Python wrapper for TA-Lib (http://ta-lib.org/).

http://ta-lib.github.io/ta-lib-python

Other

9.68k stars 1.76k forks source link

Incorrect output when the input data contains nans #376

Open Rainfall2013 opened 3 years ago

Rainfall2013 commented 3 years ago

I have a 2-D array which contains lots of nans. Each column has 244 not nan float number When calculating the MA of each column, the function gives the correct result np.sum(~np.isnan(talib.MA(b[:,0],5))) Out[106]: 240 np.sum(~np.isnan(talib.MA(b[:,1],5))) Out[107]: 240 However,when flatten the 2D array into a 1D array, the MA function's output only has 240 not nan data. After checking the result I found it lost the result of the second column. np.sum(~np.isnan(talib.MA(b.flatten(order = 'F'),5))) Out[108]: 240 Could you please help me to fix this problem, besides, does the talib function supports using 2d arrays directly?

Acutually, I found that talib wont calculate the value after it the nans except in the begining. eg. f = np.array([nan, 1, 2, 3, 4, 5, 6, nan, nan, 3, 4, 5, 6, 7]) talib.MA(f,2) will have a result like array([nan, nan, 1.5, 2.5, 3.5, 4.5, 5.5, nan, nan, nan, nan, nan, nan,nan]) Is there a solution to this problem?

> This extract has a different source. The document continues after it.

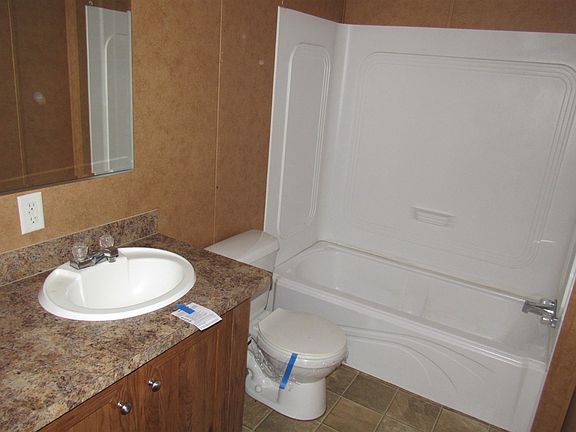 5th image of 353 Saint Clair Ln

mrjbq7 commented 3 years ago

The solution is for you to fill in the nans however you want before calling TA-Lib.

See, for example, how pandas.DataFrame.fillna has a few different algorithms:

https://pandas.pydata.org/pandas-docs/stable/reference/api/pandas.DataFrame.fillna.html

I don't think there's a reasonable default for TA-Lib to do here...

Rainfall2013 commented 3 years ago

The solution is for you to fill in the nans however you want before calling TA-Lib.

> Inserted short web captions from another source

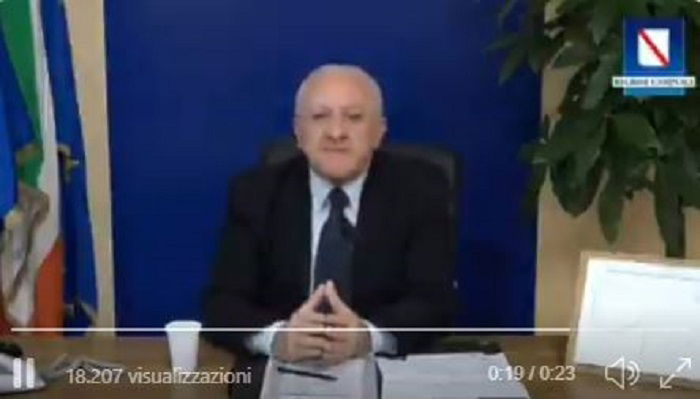Vincenzo De Luca regala mascherine ai campani in quarantena article-post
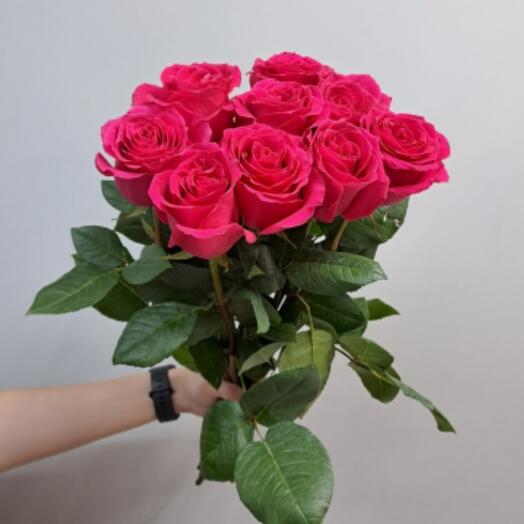 9 малиновых роз
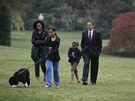 Barack Obama s rodinou a jejich pes Bo (2009)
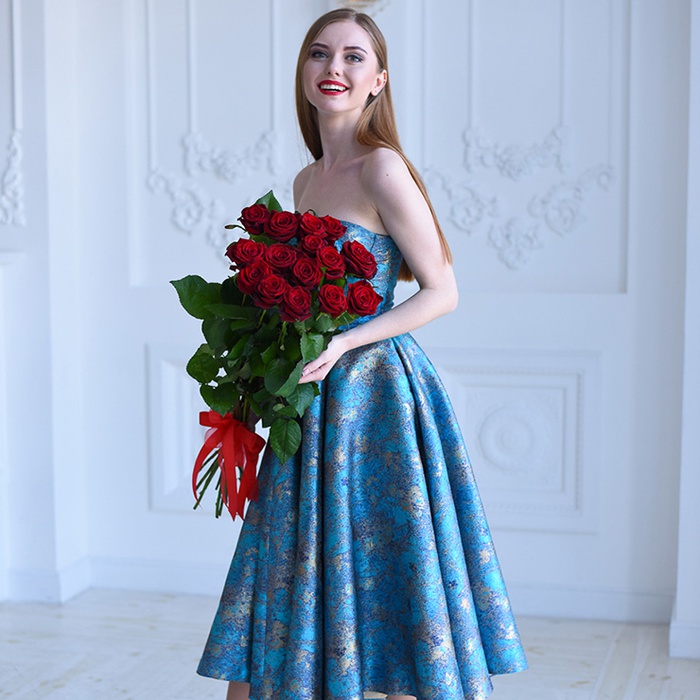 15 красных роз Гран При 70 см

See, for example, how pandas.DataFrame.fillna has a few different algorithms:

https://pandas.pydata.org/pandas-docs/stable/reference/api/pandas.DataFrame.fillna.html

I don't think there's a reasonable default for TA-Lib to do here...

If I fill the nans with 0s, it will result in some other issues like underweight the MA values after the 0s. So, there are no methods for TA-Lib indicators to handle nans directly?

mrjbq7 commented 3 years ago

You can fill them by repeating the previous value, averaging between real values, or some other technique.

And then call TA-Lib.

I wouldn’t presume to know what method is relevant for your data set.

The fillna method documentation provides some good suggestions on techniques.

On Jan 6, 2021, at 6:29 PM, Rainfall2013 notifications@github.com wrote:

The solution is for you to fill in the nans however you want before calling TA-Lib.

See, for example, how pandas.DataFrame.fillna has a few different algorithms:

https://pandas.pydata.org/pandas-docs/stable/reference/api/pandas.DataFrame.fillna.html

I don't think there's a reasonable default for TA-Lib to do here...

If I fill the nans with 0s, it will result in some other issues like underweight the MA values after the 0s. So, there are no methods for TA-Lib indicators to handle nans directly?

— You are receiving this because you commented. Reply to this email directly, view it on GitHub, or unsubscribe.

Rainfall2013 commented 3 years ago

Thank you very much for the reply. Maybe I didn't clarify what I really want. In fact, the nans are used to separate the datas from different datasets, so they should be retained. I hope the TA-Lib can handle the nans as follows: f = np.array([nan, 1, 2, 3, 4, 5, 6, nan, nan, 3, 4, 5, 6, 7]) talib.MA(f,2) should return an array: array([nan, nan, 1.5, 2.5, 3.5, 4.5, 5.5, nan, nan, nan, 3.5, 4.5, 5.5, 6.5]) instead of array([nan, nan, 1.5, 2.5, 3.5, 4.5, 5.5, nan, nan, nan, nan, nan, nan,nan]) Whether this can be acieved?